WORK REQUEST:
A word-for-word copy of the data is what's wanted, with no pictures.

DATA EXCERPT:
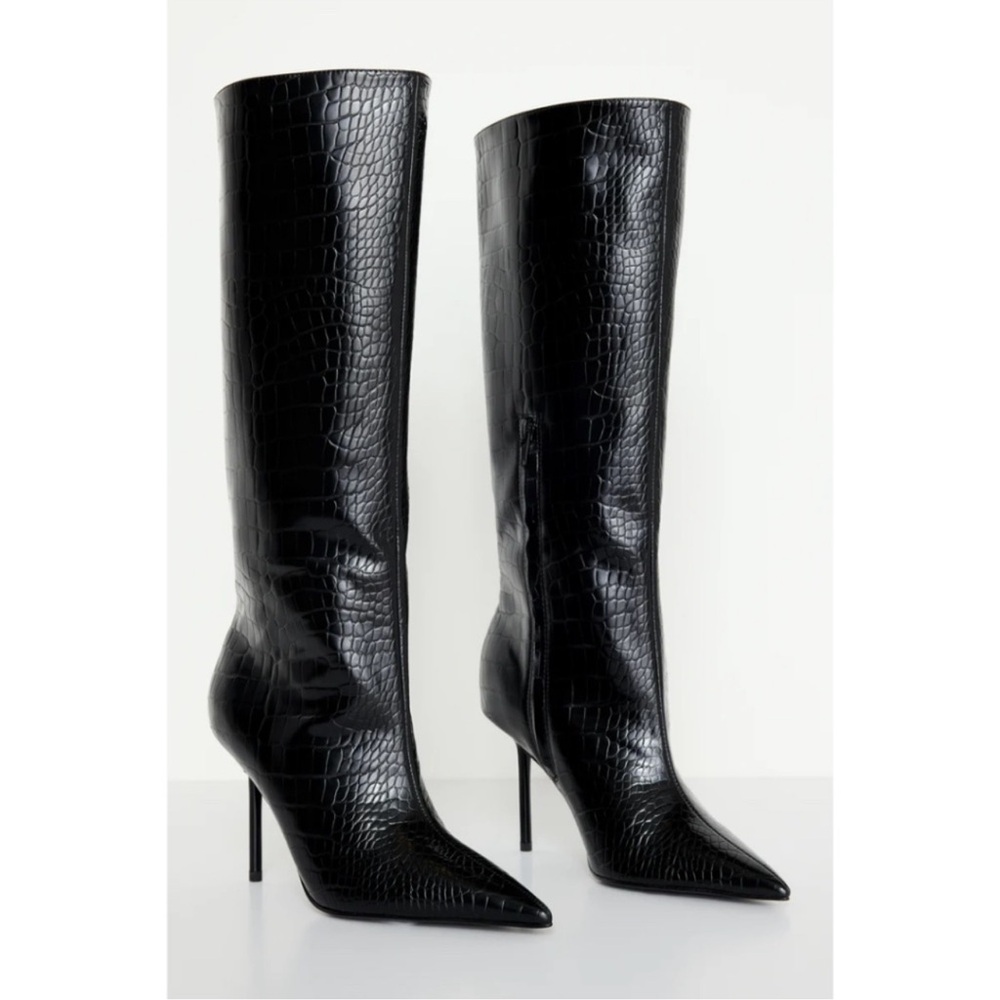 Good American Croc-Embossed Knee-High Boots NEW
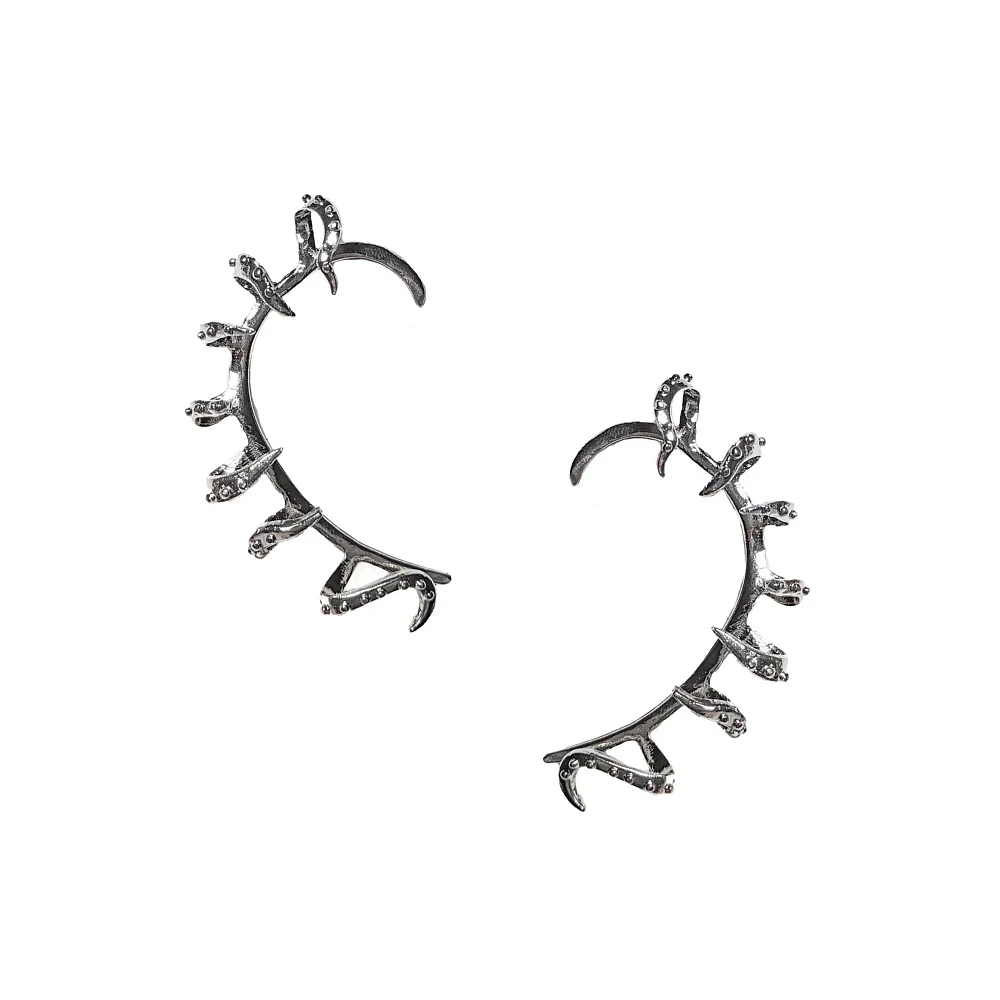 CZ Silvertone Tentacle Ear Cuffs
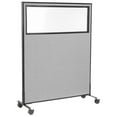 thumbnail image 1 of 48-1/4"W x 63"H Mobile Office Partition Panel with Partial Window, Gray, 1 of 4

FINISHED EXERCISE:
 Good American Croc-Embossed Knee-High Boots NEW
 CZ Silvertone Tentacle Ear Cuffs
 thumbnail image 1 of 48-1/4"W x 63"H Mobile Office Partition Panel with Partial Window, Gray, 1 of 4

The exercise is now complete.